Personal information
- Full name: Leonard Joseph White
- Date of birth: 26 August 1922
- Place of birth: Camperdown, Victoria
- Date of death: 29 August 2010 (aged 88)
- Place of death: Camperdown, Victoria
- Original team(s): Camperdown
- Height: 180 cm (5 ft 11 in)
- Weight: 80 kg (176 lb)
- Position(s): Half back

Playing career^{1}
- Years: Club / Games (Goals)
- 1947–1948: Geelong / 32 (0)
- ^{1} Playing statistics correct to the end of 1948.

Career highlights
- Geelong "best first year player": 1947; Camperdown best and fairest: 1946, 1949–51; Camperdown premiership coach: 1951;

= Len White (Australian footballer) =

Australian rules footballer

Leonard Joseph White (26 August 1922 – 29 August 2010) was an Australian rules footballer who played with Geelong in the Victorian Football League (VFL).

==Early career==
Born in Camperdown, White was one of eleven born to Eugene and Ellen White (née Nolan). White started his senior career at the Camperdown Football Club, in the Hampden Football League. One of four brothers in the Camperdown team, White won the club's best and fairest award in 1946, as a full-back.

==Geelong==
White was used mostly as a half back by Geelong, which he joined in 1947.

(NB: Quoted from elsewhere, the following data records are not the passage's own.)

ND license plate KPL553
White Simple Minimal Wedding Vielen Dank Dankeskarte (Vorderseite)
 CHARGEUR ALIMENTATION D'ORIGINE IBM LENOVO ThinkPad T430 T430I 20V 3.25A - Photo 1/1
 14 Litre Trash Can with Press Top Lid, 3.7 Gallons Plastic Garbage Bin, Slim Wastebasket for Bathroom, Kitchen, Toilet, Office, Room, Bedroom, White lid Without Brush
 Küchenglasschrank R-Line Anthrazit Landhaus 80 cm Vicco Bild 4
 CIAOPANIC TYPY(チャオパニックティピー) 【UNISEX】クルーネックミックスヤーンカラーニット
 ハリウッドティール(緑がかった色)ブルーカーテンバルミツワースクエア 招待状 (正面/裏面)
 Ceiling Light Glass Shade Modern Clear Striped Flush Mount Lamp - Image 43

In his debut season he made 17 appearances and was described by Jim Blake of the Sporting Globe as one of the "best recruits" that season. At the end of the season he won Geelong's award for the "best first year player". It was noted in The Argus that there was confusion at the Brownlow Medal count that year when a vote was awarded to "White, Geelong", which could also have been for his teammate Lindsay White.

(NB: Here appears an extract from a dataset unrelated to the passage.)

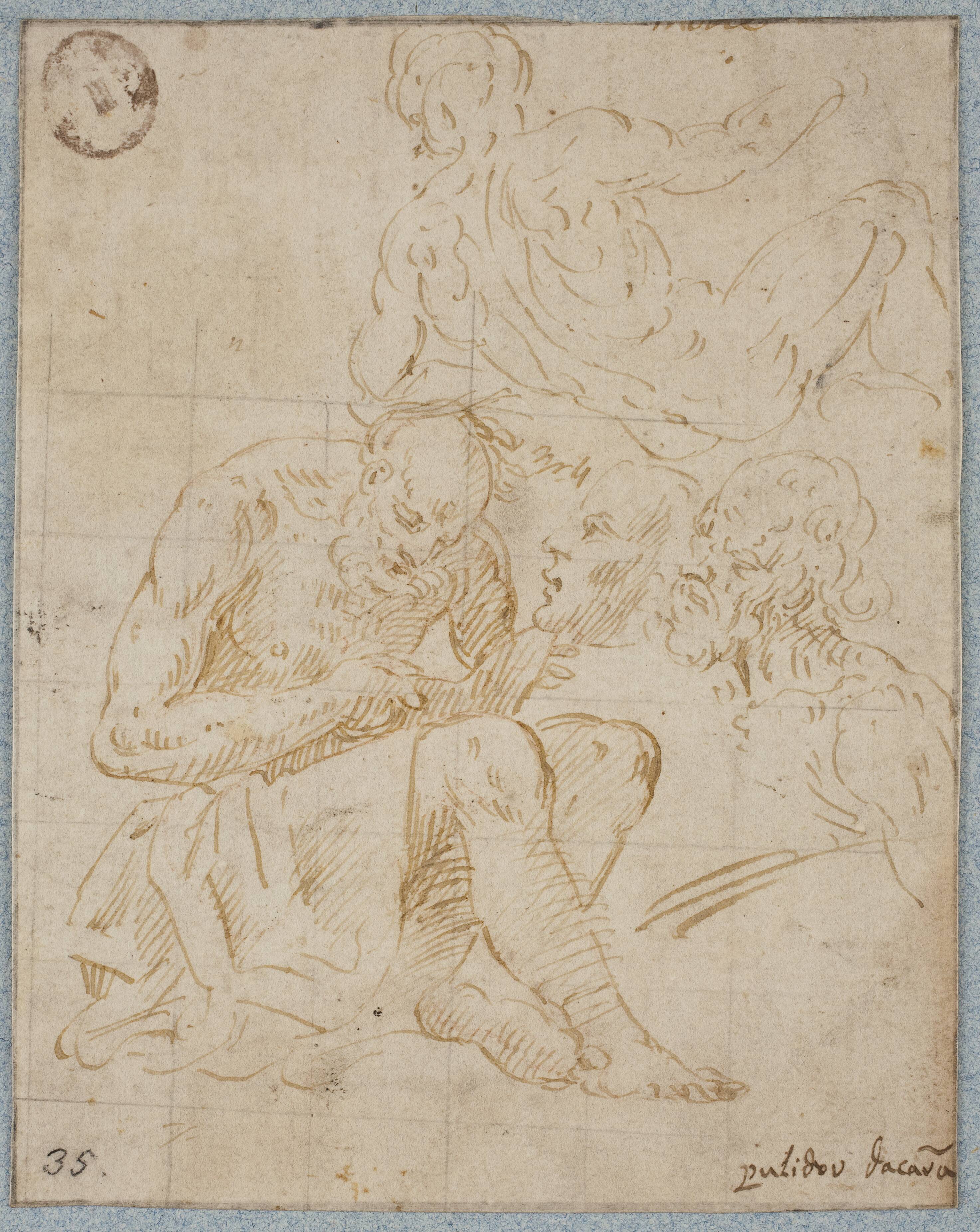 A study for a seated figure reading, a prostrated male nude seen from behind, and two male heads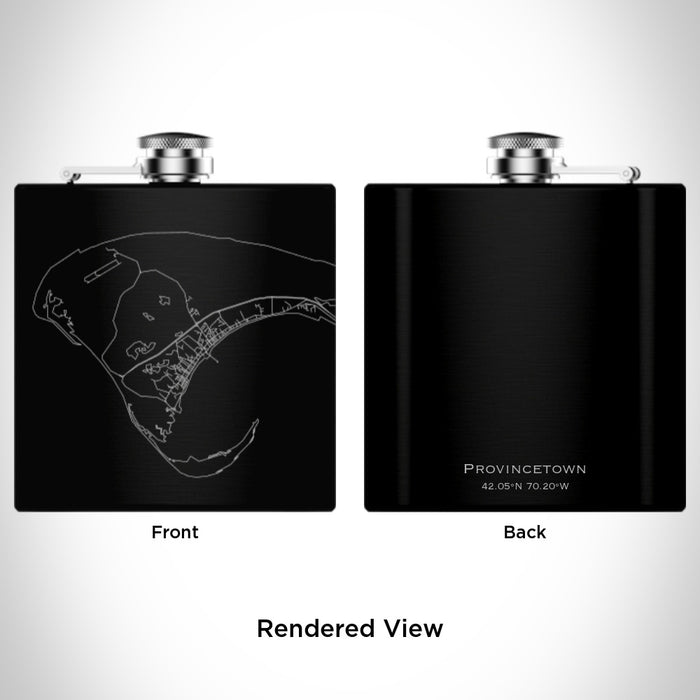 Rendered View of Provincetown Massachusetts Map Engraving on 6oz Stainless Steel Flask in Black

He played 15 league games in 1948, his second and final season in the VFL.

==Coach of Camperdown==
White returned to Camperdown in 1949 as the new coach. He went on to coach Camperdown to a premiership in 1951, secured with a 31-point grand final win over Cobden. His on field performances that season won him a third successive club best and fairest.

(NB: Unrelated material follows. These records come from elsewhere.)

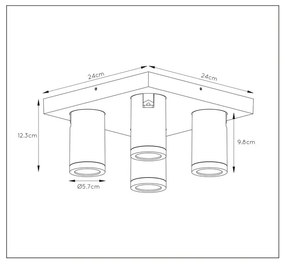 Lucide Taylor plafondlamp 4 spots 5W zwart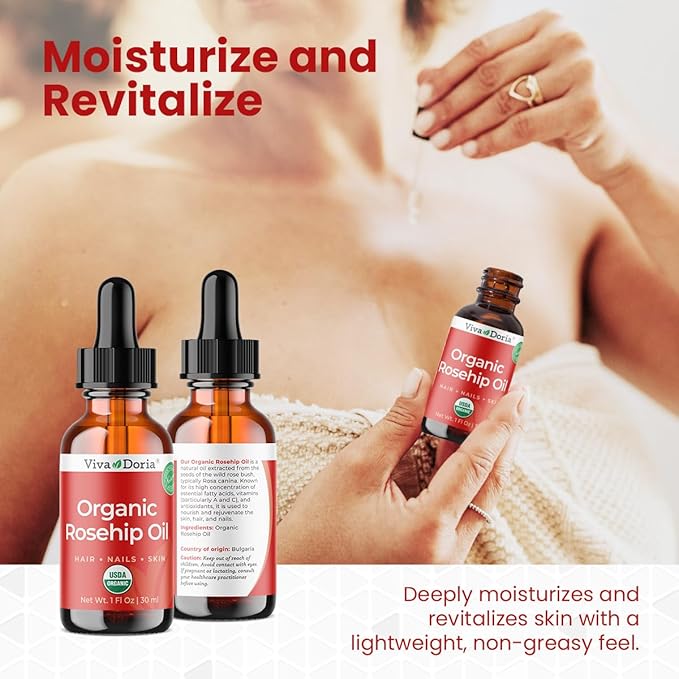 Viva Doria Organic Rosehip Seed Oil, 30 ml (1 Fl Oz) | 100% Pure & Natural | USDA Organic | Cold-Pressed & Unrefined Carrier Oil for Face, Skin & Nails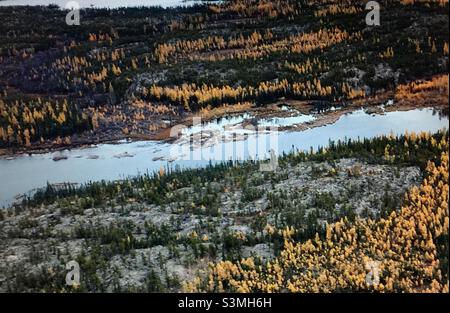 Kanadische Arktis-Tundra, Flugfotografie, Fotografie, Tundra, Nunavut, Kanada, Herbst, Oldies, September, Tamaraden, Wildnis Stockfoto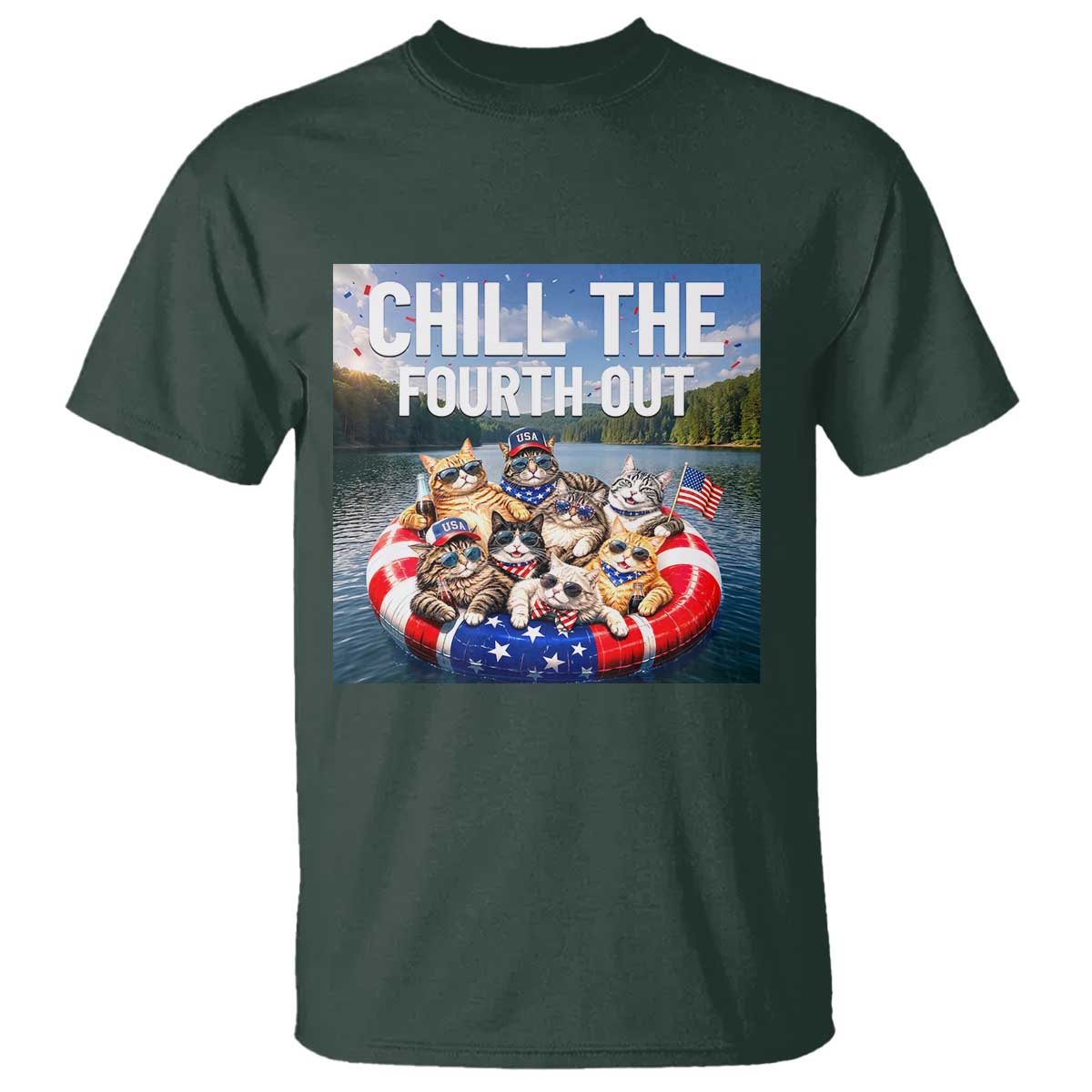 Funny Americana Cat Squad T Shirt Chill The Fourth Out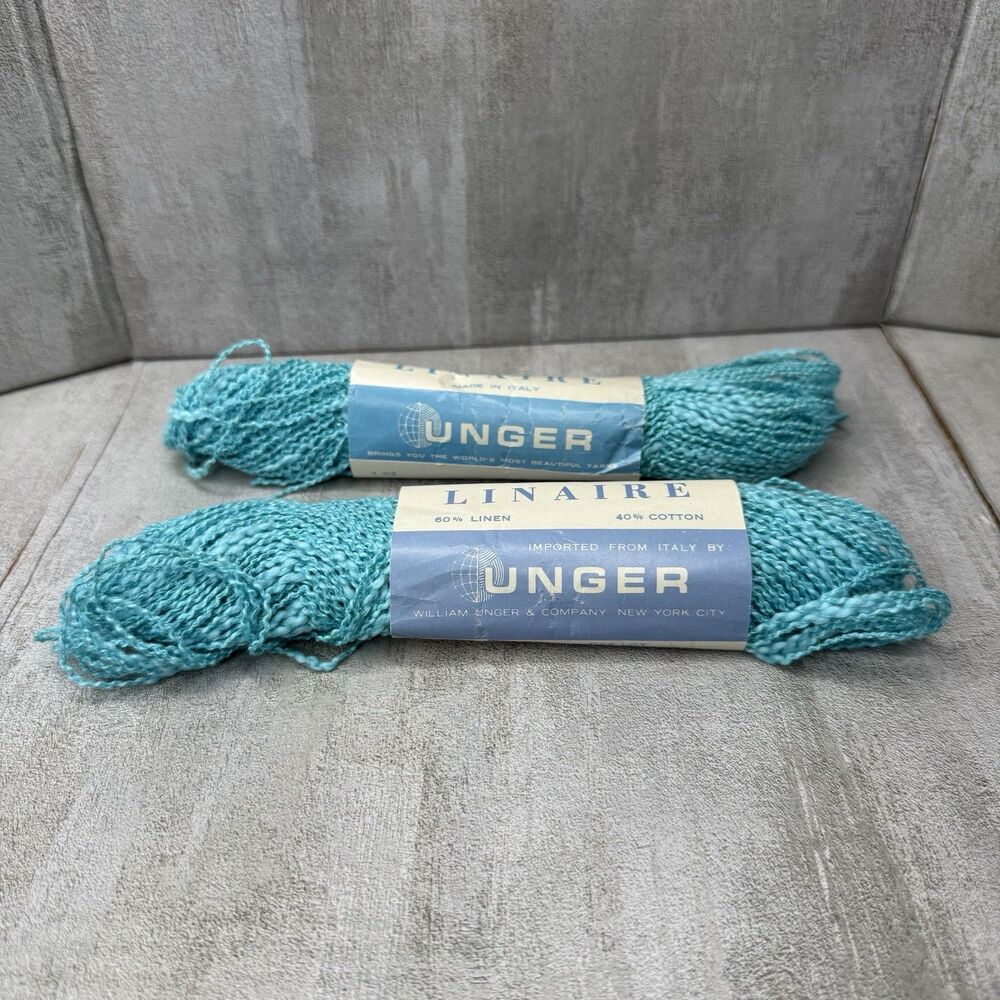 Unger Linaure Blue Turquoise Yarn Lot of 2 Skeins 1 oz each Linen Cotton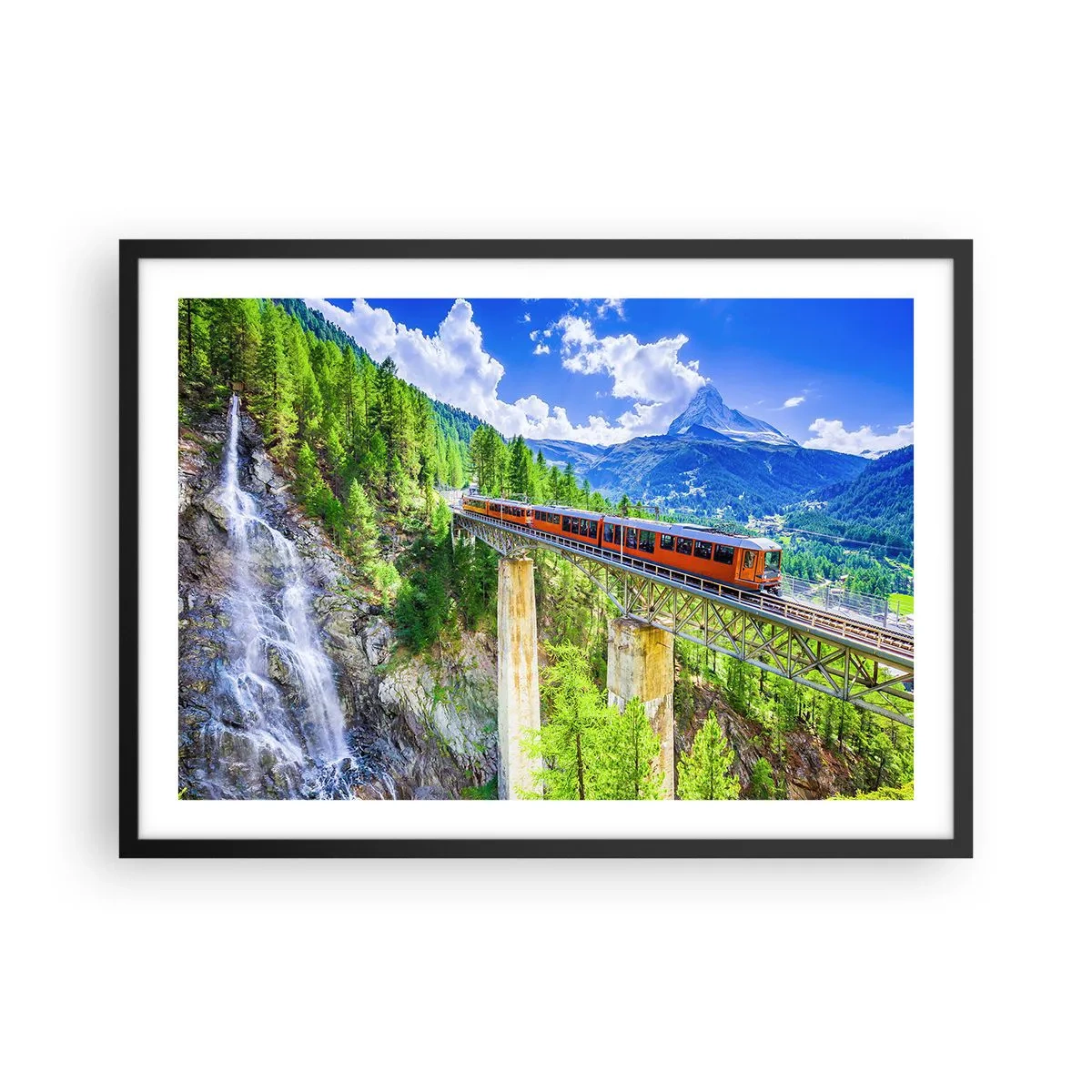 Affiche dans un cadre noir - Poster - Des montagnes russes sur un pont avec vue sur une cascade et des montagnes - 70x50cm - Train dans les Alpes - Décoration murale moderne pour le salon et la chambre ARTTOR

Although he retired in 1952, White came back as coach the following year, when his replacement Bob Kelsey was unable to get a clearance from Port Melbourne. In the opening round of the 1953 season, White suffered a broken leg, which would keep him out for the rest of the year, so he stood aside as coach, allowing the club to recruit former Carlton premiership player Ritchie Green. During the 1953 season, a seventh White brother joined Camperdown.